A mãe Elaine de Matos, inspetora de qualidade de 43 anos, a filha Fernanda de Matos, 15, estudante, e a amiga da jovem, Camila Santos, 15, também estudante, se divertiam pelos corredores da CCRS. O trio de Canoas carregava sacolas cheias de compras, que iam de mangás a um cubo mágico 4x4 — mais complexo que o convencional.
— O cubo mágico é para a criança grande (risos) — explica Elaine, alegando que o cubo tradicional "já não tem mais graça".
Sobre o evento, Fernanda diz que está especialmente feliz com essa edição, por ter podido visitar ao lado de sua mãe:
— Ela veio para ver as coisas que eu gosto. E também é bom para alguns artistas independentes.
— Dá a oportunidade para que os artistas possam mostrar mais seu trabalho, e vender seus produtos também — complementa Camila.
Elaine finaliza afirmando que, de fato, tirou o domingo para visitar um local que é importante para Fernanda e que acha que isso é essencial para a relação entre mãe e filha:
— Querendo ou não, ela se obriga a fazer parte da minha vida. Ela tem a vida dela, e vir aqui hoje é conhecer um pouquinho do mundo que ela gosta. Porque eu quero que, quando ela falar, eu entenda do que ela está falando.

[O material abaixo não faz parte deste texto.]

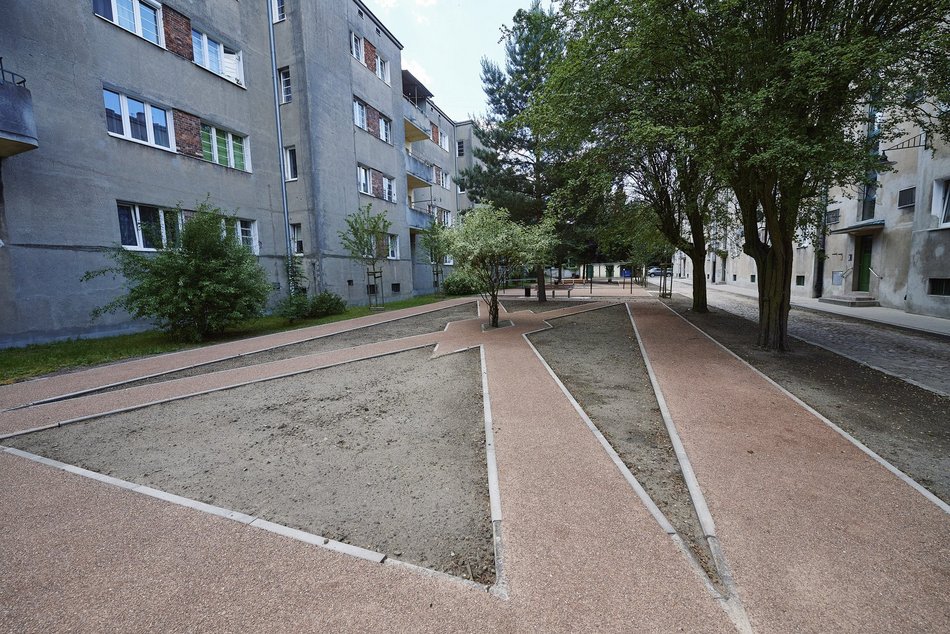 Osiedle Montwiłła-Mireckiego w Łodzi po rewitalizacji - na zdjęciu jedno z podwórek.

Foi neste clima familiar e de celebração que a CCRS 2023 fechou o último dia de sua 11ª edição, já projetando expandir ainda mais este sentimento no ano que vem. A data da próxima convenção ainda não está definida, mas o que se pode confirmar é que a cultura pop teve dois dias de festa em Canoas. Os sorrisos de todos os presentes não deixam negar isso.